THERE are as many varieties of talkers as there are of tulips; to classify them would require the nice discernment and patient perseverance of an ethical Linnæus; and when done, it would be an useless classification, unless, indeed, Taste could be brought to have a love for the cultivation of them, with an ulterior view to the improvement of the several classes, by marrying a common female scold of the last class, with a refined male babbler of the first; and thus effect, by artificial methods, what wisdom, with all her old endeavours, could never work by any means—an improvement of talkers generally.

There is, however, a pleasure in holding up a few of the first classes of talkers to attentive notice, somewhat similar to that which a Dutch tulip-fancier feels, when he displays to the curious, wondering eyes of one not in the fancy, (who had perceived, on being shewn a bed of them, that they were all tulips, but did not discern the nicer streaks of difference between them,)

"Some faultless tulip which the Dutch ne'er saw."

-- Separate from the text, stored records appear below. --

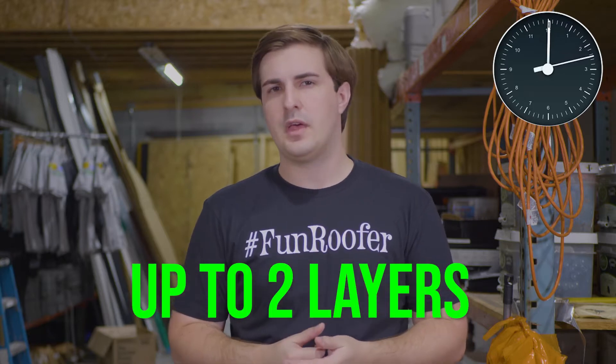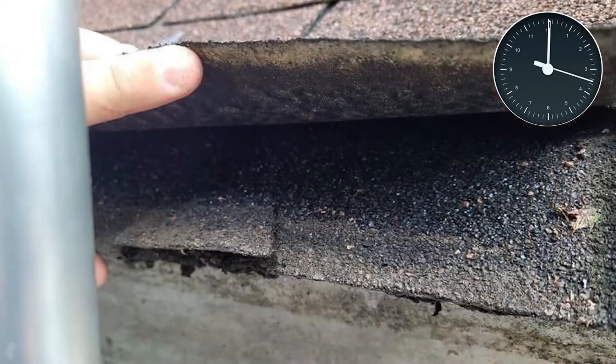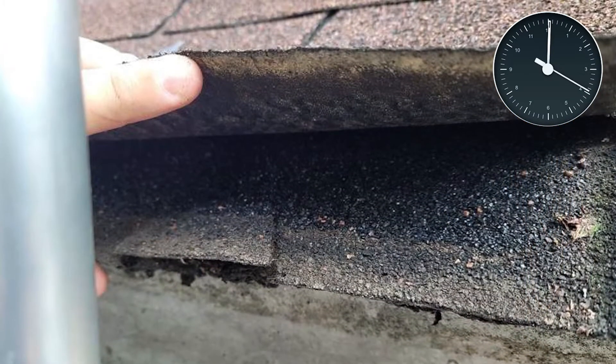The quick answer is you can install up to two layers of shingles on your roof. You'll find a lot of roofs that have more than two layers of shingles, but in all likelihood it's not going to pass a home inspection because of the fire safety protocols.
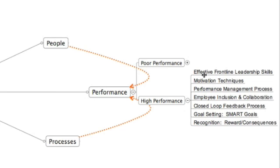These are best practices and characteristics of high-performing teams or call centers. Always have effective frontline leadership skills, always have motivational techniques, always have a performance management process that helps identify and improve performance issues early on, and always have employee inclusion and collaboration efforts — because many employees feel like they're just a number. If you solicit their feedback and ideas, you'll have greater buy-in and it'll be easier to achieve your goals.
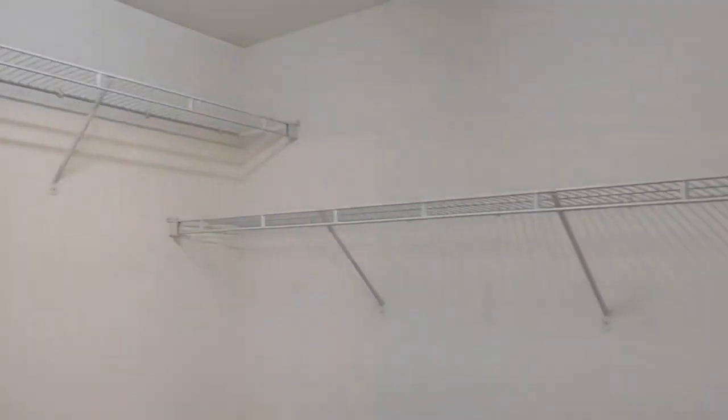Further off the bathroom is the master closet. The master closet is equipped with many racks and ample space for clothes.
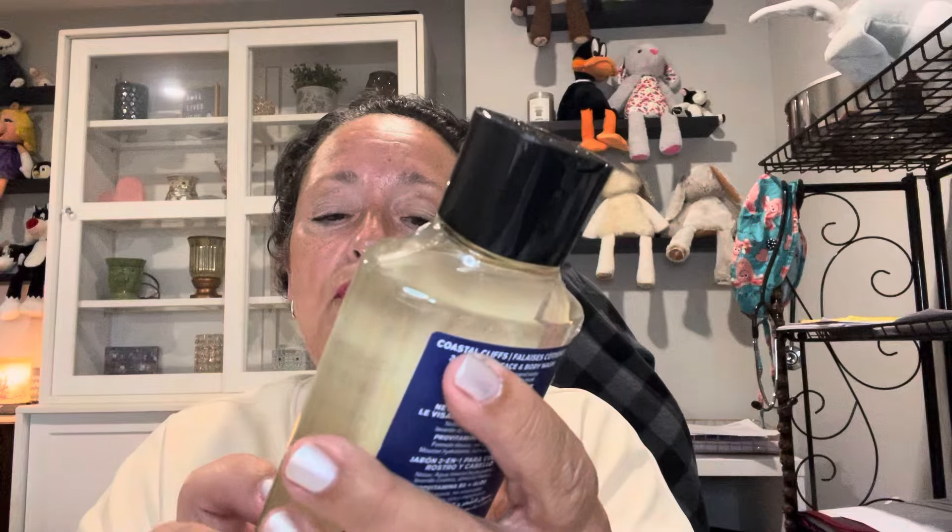The first one is Coastal Cliffs, and the scent notes are sparkling mineral water, seaside lavender, and white musk. It does say men's collection. However, if I like it — oh, that's nice. Jason just likes his bar soap, so I put these in his bathroom and it takes forever for him to go through one. There are two here that are men's, but that's okay because if he doesn't use it, I'll use it. It is very refreshing and clean. I'm definitely getting the lavender in there. It leans towards the more masculine side of things, but your choice is your choice.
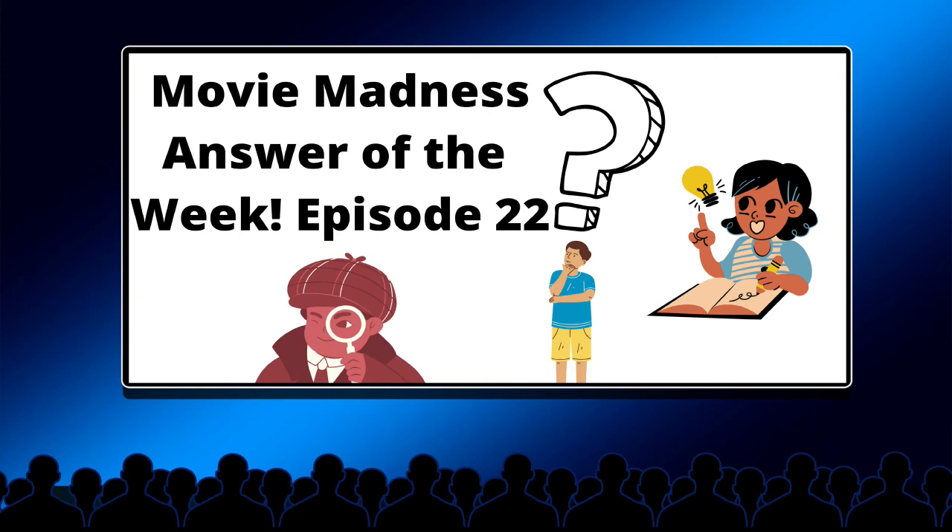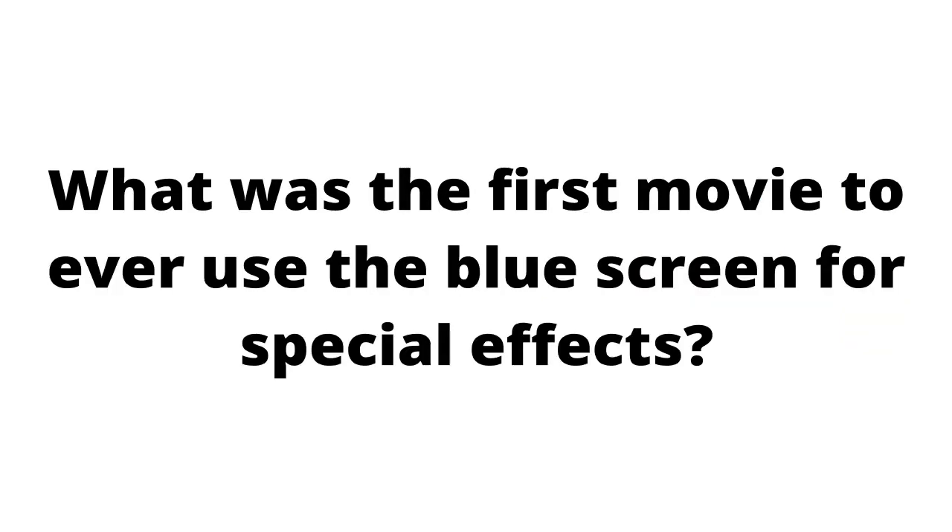Hello, everyone, and welcome to Movie Madness's 22nd Answer of the Week, where we answer the trivia question first posted last Sunday. So this week's question was: what was the first movie to ever use the blue screen for special effects?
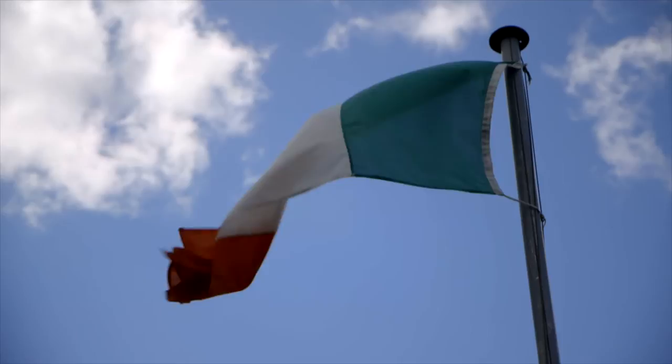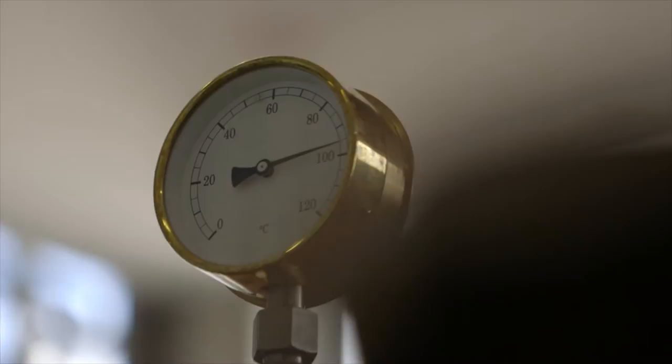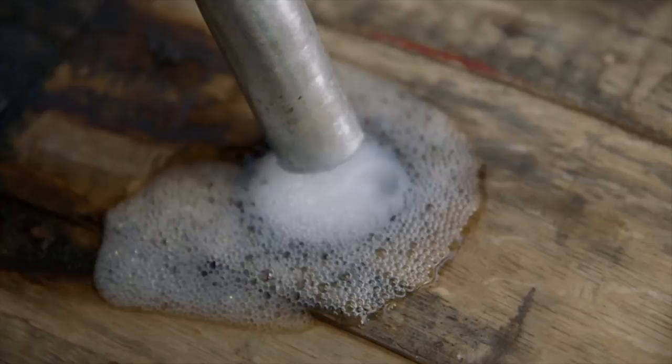We're here today at our third-party distiller who are making our Irish whiskey for us. They're making it to our own particular specification, and today it's very exciting — they are for the first time ever filling our whiskey barrels with our Irish whiskey spirit.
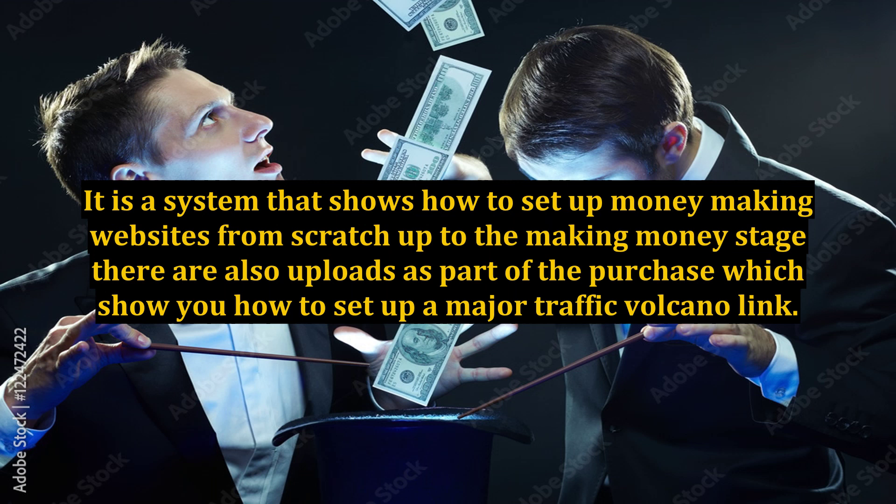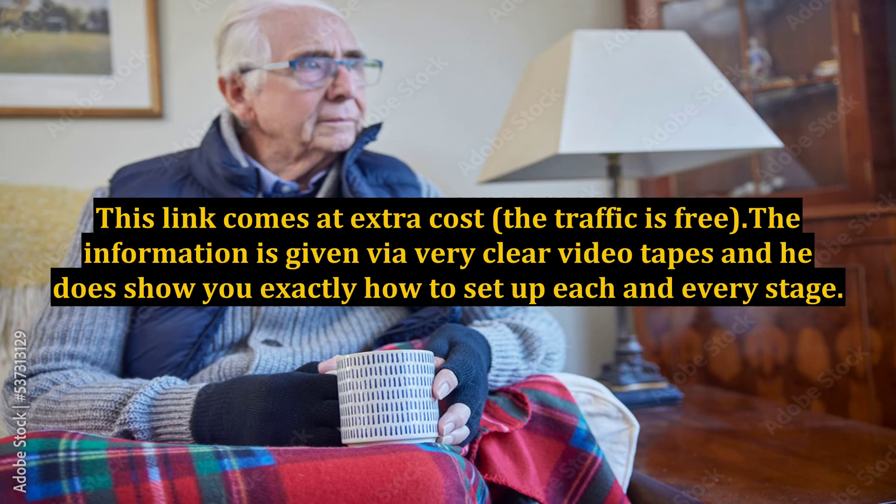There are also upsells as part of the purchase, which show you how to set up a major traffic volcano link. This link comes at extra cost, but the traffic is free. The information is given via very clear video tutorials, and he does show you exactly how to set up each and every stage.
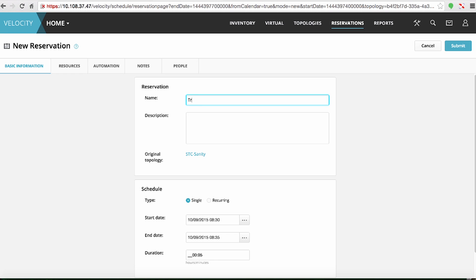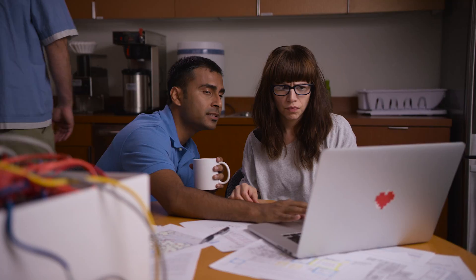Do I set up test beds for users myself? Testers and engineers can build their own topologies and schedule the equipment when they need it. The lab becomes self-service. This software will let you reclaim your lab.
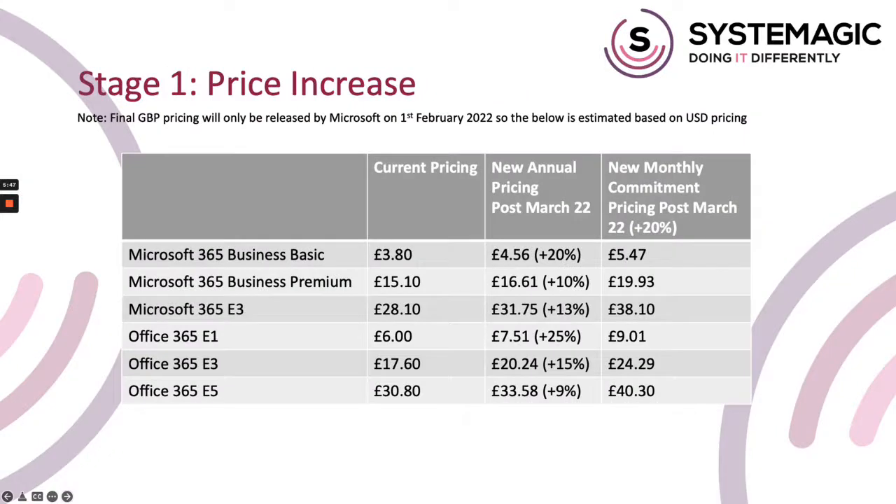To illustrate the price premium, I've added a column to the table we looked at in the standard price increases section. It's worth noting that the price premium applies to all licenses, not just the six shown here. So if you use Business Standard, for example, your price will rise from £9.40 a month to £11.28 a month. It's important to note that the licenses affected by the price increases are also affected by the price premium if you choose the monthly billing option. At this stage in January, we still haven't had confirmed UK pricing, so the prices I'm giving here are based on what Microsoft have announced in the US, and we're assuming that the percentage price increases will be the same over here.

The first, and most common class of talkers, is composed of common babblers. There are several varieties of these; but the most disagreeable is the long-tongued babbler. One of them is sufficient to set a whole village at war, or disturb the peace and sacredness of virtuous privacy. Rather than be silent, he will wound his dearest friend, with a tongue, which, like Laertes' foil, poisons wherever it touches; and sometimes even him who first used it. From this sort of talker you learn the origin of Miss Jones's finery, and Miss Jenkins's faux pas; the state of Mr. Tomkins's embarrassment, &c. &c. Or if you fear what the world thinks of your own character for virtue or folly, you may have your misgivings confirmed to your entire dissatisfaction. He publishes a pernicious piece of truth or scandal in the morning, and follows the sound of his own rumour, as a wether-mutton follows his own bell. Another variety is the dull, or harmless babbler. He talks in his turn and out of his turn, in season and out of season, and yet has nothing to say. You may, perhaps, learn from him that it rained yesterday; and backed by the boldness of his fears, you may get some credit for weather wisdom, if you doubt whether it will not rain to-morrow. He is Francis Moore's counterpart.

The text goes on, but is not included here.